● **EXERCISE**: Only one span of the listing below should come back. It runs from the line with "2012 Chevrolet Sonic" through the line with "Creamy Homemade Eggnog", and each of its lines must be reproduced exactly.

══ MATERIAL FOR THIS EXERCISE ══

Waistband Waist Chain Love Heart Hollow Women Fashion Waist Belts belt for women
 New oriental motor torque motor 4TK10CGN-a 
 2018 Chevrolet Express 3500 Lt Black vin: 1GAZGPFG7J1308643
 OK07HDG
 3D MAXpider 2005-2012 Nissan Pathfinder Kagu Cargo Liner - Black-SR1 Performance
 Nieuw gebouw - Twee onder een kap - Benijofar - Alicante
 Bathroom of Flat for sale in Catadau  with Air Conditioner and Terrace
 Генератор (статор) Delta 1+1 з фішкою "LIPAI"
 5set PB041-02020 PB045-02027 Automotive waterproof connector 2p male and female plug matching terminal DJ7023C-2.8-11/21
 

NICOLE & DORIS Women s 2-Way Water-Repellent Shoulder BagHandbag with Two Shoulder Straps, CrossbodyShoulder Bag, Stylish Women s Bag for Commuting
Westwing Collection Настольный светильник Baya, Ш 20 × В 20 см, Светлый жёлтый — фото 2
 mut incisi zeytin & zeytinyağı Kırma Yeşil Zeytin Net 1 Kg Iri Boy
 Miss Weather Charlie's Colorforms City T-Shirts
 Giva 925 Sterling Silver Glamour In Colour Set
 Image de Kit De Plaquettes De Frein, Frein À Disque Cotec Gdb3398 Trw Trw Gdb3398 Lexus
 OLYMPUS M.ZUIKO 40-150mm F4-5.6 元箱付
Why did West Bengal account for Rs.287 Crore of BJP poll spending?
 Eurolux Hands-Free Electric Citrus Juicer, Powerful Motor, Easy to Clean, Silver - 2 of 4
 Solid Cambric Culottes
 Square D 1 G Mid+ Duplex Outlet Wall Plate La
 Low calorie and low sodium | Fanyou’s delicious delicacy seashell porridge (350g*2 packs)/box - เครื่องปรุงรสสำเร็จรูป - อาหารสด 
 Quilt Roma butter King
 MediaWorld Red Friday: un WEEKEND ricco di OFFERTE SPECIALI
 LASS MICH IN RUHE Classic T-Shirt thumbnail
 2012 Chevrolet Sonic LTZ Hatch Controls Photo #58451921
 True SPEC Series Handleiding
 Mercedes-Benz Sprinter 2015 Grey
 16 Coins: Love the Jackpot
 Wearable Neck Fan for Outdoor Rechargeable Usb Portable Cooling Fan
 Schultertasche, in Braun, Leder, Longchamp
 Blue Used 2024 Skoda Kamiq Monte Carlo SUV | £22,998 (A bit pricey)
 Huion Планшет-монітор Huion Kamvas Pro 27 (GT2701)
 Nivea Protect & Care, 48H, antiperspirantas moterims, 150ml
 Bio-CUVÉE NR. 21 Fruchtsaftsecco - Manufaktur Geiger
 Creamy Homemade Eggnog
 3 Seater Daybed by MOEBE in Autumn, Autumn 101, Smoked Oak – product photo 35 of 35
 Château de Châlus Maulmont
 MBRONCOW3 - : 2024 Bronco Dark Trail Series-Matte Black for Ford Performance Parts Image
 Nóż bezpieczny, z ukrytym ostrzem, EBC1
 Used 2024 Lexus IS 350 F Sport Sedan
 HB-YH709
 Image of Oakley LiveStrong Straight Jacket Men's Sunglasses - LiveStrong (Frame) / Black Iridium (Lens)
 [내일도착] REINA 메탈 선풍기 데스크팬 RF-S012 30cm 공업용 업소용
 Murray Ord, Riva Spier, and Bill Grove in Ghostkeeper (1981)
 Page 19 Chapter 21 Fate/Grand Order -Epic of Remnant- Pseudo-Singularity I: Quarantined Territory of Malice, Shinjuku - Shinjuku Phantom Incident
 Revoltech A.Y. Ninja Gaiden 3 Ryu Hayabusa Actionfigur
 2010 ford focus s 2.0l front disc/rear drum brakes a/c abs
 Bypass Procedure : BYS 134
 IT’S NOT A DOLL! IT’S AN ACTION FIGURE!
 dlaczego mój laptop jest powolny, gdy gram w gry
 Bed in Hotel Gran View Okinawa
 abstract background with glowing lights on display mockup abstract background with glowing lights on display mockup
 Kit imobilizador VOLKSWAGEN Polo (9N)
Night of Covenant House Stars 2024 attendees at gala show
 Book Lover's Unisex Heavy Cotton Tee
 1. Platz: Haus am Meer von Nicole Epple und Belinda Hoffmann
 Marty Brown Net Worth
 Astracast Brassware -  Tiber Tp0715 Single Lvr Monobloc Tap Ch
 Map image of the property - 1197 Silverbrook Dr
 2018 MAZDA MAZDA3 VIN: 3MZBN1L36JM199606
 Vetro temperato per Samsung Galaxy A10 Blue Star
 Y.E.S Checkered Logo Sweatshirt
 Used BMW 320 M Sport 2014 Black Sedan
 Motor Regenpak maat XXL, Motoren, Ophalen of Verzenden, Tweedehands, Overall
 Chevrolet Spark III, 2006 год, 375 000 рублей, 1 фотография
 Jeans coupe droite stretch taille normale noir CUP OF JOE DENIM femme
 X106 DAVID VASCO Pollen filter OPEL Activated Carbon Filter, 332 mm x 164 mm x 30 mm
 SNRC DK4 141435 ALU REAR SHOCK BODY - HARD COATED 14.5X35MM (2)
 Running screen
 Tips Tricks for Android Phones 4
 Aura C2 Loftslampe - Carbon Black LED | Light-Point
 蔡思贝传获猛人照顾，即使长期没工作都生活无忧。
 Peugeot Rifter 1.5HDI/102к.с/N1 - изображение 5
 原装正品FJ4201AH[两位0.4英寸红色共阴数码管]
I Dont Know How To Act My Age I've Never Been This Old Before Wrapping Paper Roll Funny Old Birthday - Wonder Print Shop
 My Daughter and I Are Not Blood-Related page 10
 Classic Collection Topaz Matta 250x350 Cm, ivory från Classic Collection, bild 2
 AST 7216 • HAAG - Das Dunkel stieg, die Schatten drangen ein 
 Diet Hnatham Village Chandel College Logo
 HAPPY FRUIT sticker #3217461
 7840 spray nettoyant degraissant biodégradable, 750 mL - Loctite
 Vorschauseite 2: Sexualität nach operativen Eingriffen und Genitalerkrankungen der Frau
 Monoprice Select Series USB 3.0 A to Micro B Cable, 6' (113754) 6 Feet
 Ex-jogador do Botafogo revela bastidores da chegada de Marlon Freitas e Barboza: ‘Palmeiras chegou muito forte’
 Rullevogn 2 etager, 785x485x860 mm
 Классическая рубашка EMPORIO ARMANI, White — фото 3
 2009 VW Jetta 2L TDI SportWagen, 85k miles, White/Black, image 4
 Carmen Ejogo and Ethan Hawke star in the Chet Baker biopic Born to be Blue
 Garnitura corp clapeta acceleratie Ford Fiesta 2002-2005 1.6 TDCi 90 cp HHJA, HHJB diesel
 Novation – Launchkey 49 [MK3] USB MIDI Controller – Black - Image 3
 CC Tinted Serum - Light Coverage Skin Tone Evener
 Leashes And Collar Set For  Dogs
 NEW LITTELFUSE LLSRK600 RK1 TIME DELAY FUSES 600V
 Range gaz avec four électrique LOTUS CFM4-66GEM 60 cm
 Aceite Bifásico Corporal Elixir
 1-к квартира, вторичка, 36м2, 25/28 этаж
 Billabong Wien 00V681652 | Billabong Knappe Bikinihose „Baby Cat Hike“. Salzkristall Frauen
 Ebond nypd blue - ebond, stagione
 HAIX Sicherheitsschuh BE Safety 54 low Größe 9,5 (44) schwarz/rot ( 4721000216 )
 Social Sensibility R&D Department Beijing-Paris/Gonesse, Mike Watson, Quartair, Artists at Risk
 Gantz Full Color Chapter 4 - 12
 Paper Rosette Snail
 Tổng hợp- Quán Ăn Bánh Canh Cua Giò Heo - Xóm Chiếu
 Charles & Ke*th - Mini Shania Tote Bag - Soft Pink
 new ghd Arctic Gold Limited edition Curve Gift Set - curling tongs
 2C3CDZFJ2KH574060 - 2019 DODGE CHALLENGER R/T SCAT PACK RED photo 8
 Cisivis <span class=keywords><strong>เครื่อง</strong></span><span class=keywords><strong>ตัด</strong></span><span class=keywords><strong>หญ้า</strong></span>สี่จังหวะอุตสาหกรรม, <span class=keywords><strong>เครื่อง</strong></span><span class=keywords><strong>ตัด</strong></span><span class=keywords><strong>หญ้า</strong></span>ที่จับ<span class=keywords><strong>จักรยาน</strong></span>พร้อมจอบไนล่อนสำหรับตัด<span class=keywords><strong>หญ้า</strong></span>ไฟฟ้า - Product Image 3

═══

● **WRITTEN ANSWER**:
 2012 Chevrolet Sonic LTZ Hatch Controls Photo #58451921
 True SPEC Series Handleiding
 Mercedes-Benz Sprinter 2015 Grey
 16 Coins: Love the Jackpot
 Wearable Neck Fan for Outdoor Rechargeable Usb Portable Cooling Fan
 Schultertasche, in Braun, Leder, Longchamp
 Blue Used 2024 Skoda Kamiq Monte Carlo SUV | £22,998 (A bit pricey)
 Huion Планшет-монітор Huion Kamvas Pro 27 (GT2701)
 Nivea Protect & Care, 48H, antiperspirantas moterims, 150ml
 Bio-CUVÉE NR. 21 Fruchtsaftsecco - Manufaktur Geiger
 Creamy Homemade Eggnog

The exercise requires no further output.